::: Provided material :::

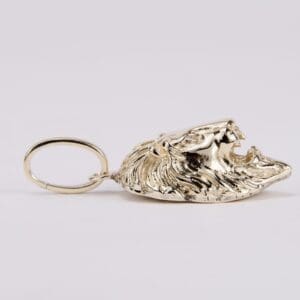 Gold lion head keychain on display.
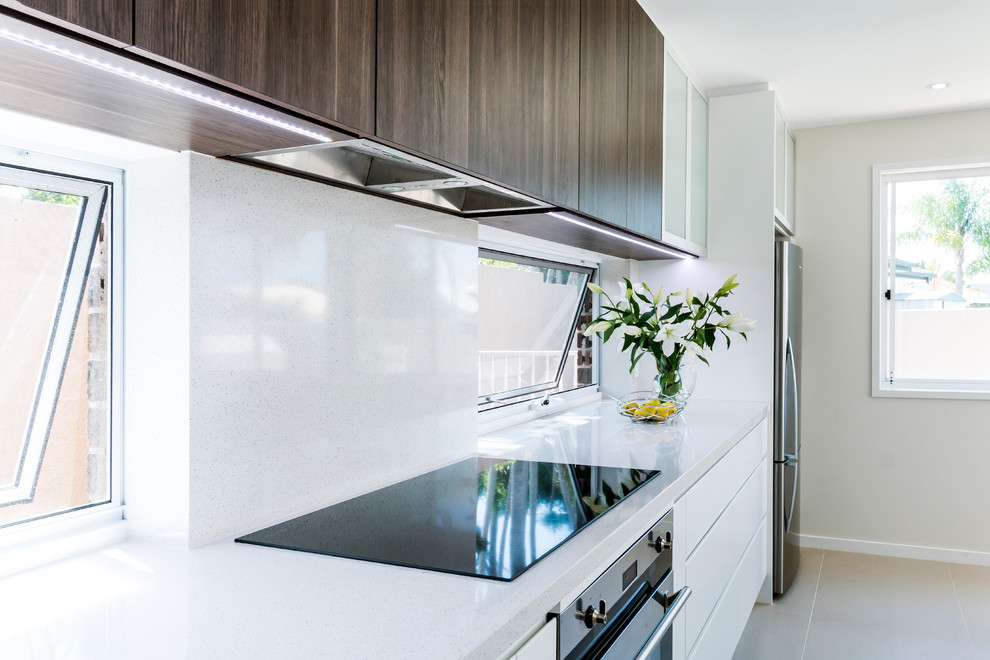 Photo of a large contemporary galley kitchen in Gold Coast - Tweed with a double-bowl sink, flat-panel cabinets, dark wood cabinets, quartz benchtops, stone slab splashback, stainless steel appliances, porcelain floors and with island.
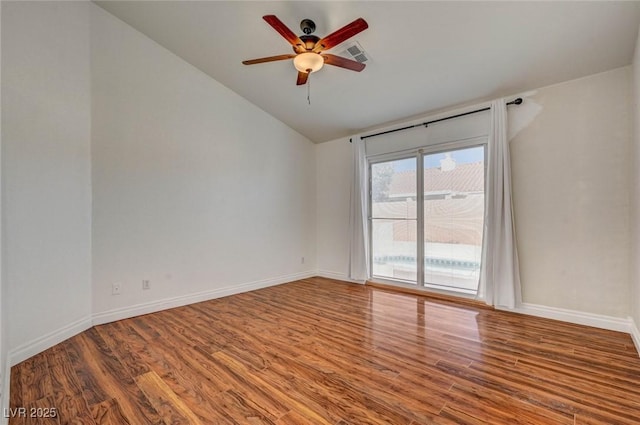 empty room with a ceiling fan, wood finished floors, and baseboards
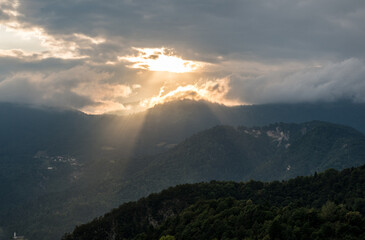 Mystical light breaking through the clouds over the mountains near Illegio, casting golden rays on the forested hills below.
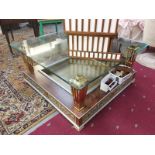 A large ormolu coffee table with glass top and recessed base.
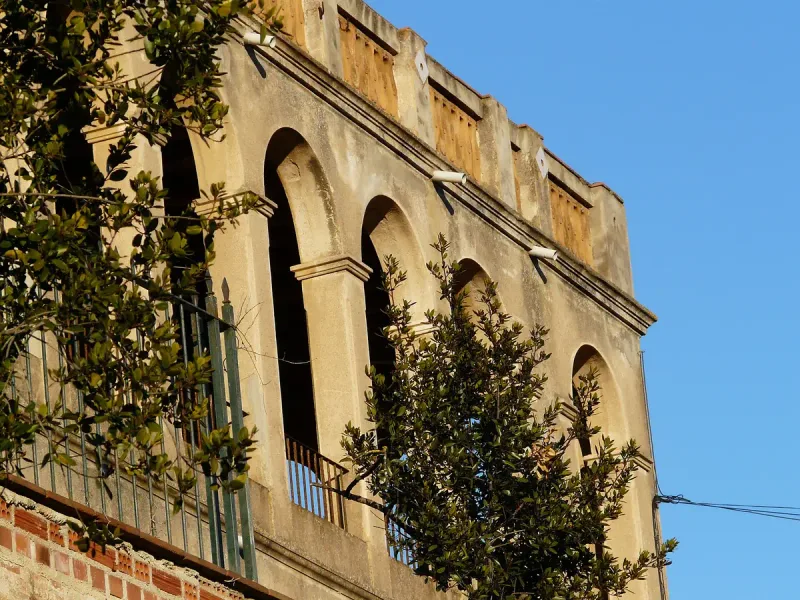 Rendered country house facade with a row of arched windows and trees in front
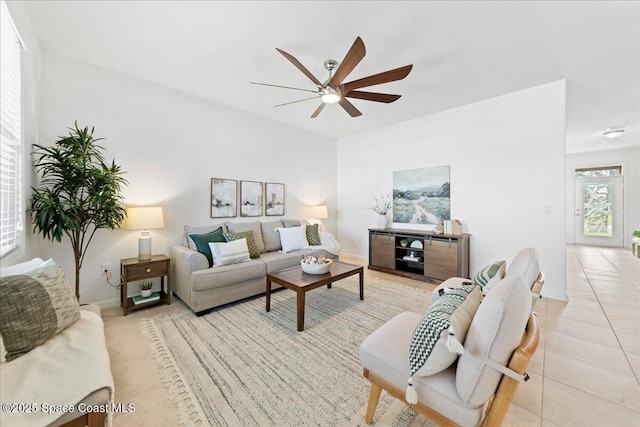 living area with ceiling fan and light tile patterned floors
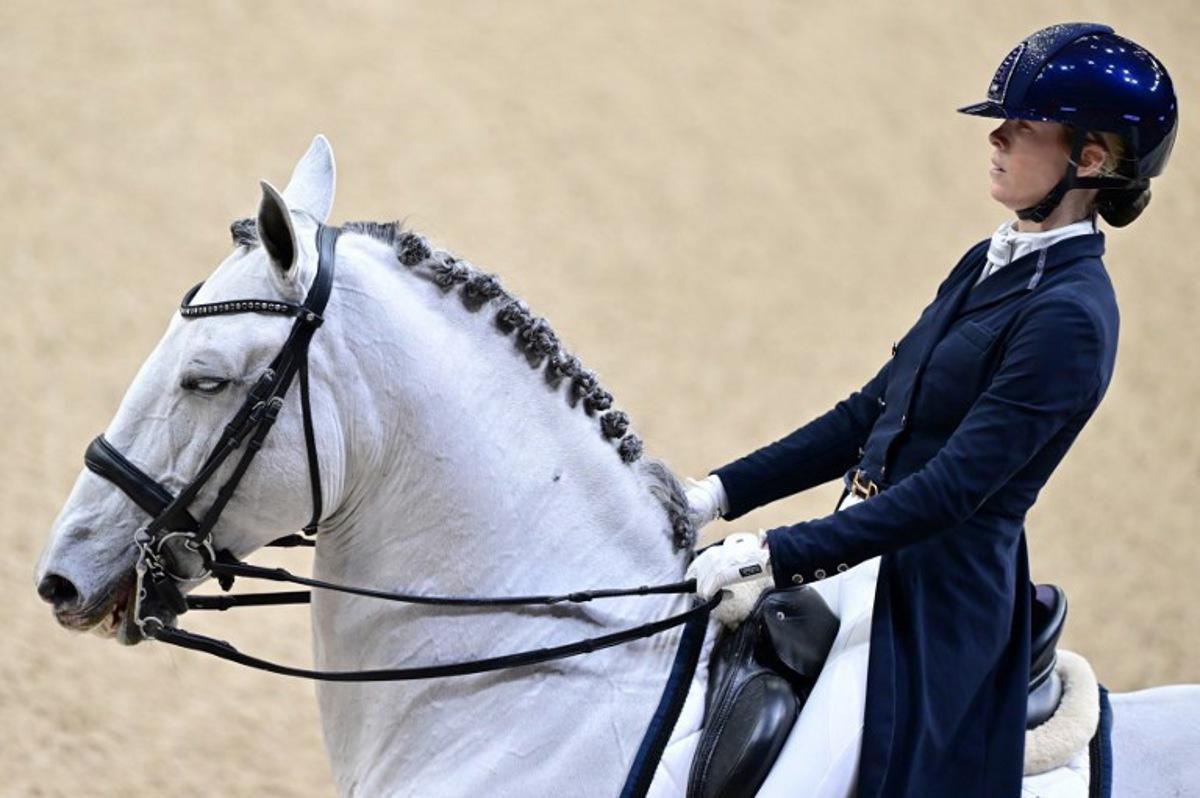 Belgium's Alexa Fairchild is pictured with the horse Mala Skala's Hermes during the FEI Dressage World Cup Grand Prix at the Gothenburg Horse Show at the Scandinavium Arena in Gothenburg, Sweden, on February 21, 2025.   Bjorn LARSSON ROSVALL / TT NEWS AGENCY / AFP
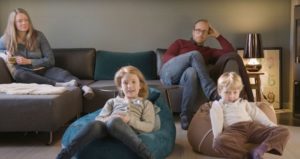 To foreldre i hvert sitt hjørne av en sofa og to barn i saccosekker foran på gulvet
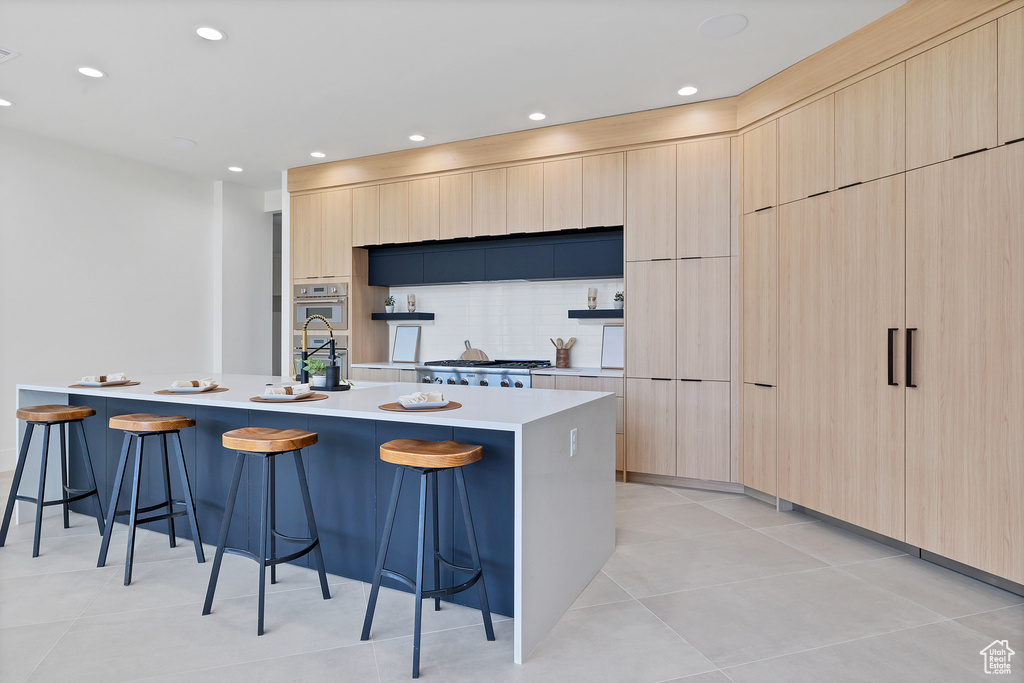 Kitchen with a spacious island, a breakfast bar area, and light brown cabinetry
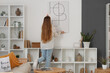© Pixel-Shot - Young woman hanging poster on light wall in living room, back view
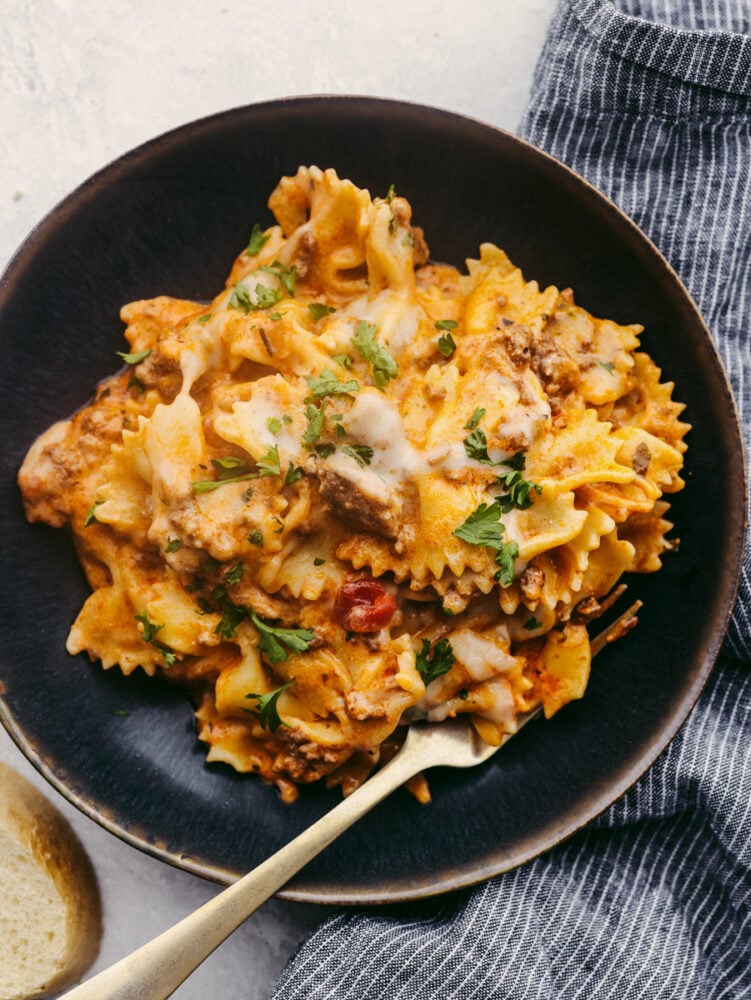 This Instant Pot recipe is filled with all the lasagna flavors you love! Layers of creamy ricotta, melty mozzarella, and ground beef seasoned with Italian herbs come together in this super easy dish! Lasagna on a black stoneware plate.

:::

Problem description:
What you return should be only the exact lines from the top of the entries through the line with "Photo of a large", minus the pictures.

Written solution:
 Gold lion head keychain on display.
 Photo of a large contemporary galley kitchen in Gold Coast - Tweed with a double-bowl sink, flat-panel cabinets, dark wood cabinets, quartz benchtops, stone slab splashback, stainless steel appliances, porcelain floors and with island.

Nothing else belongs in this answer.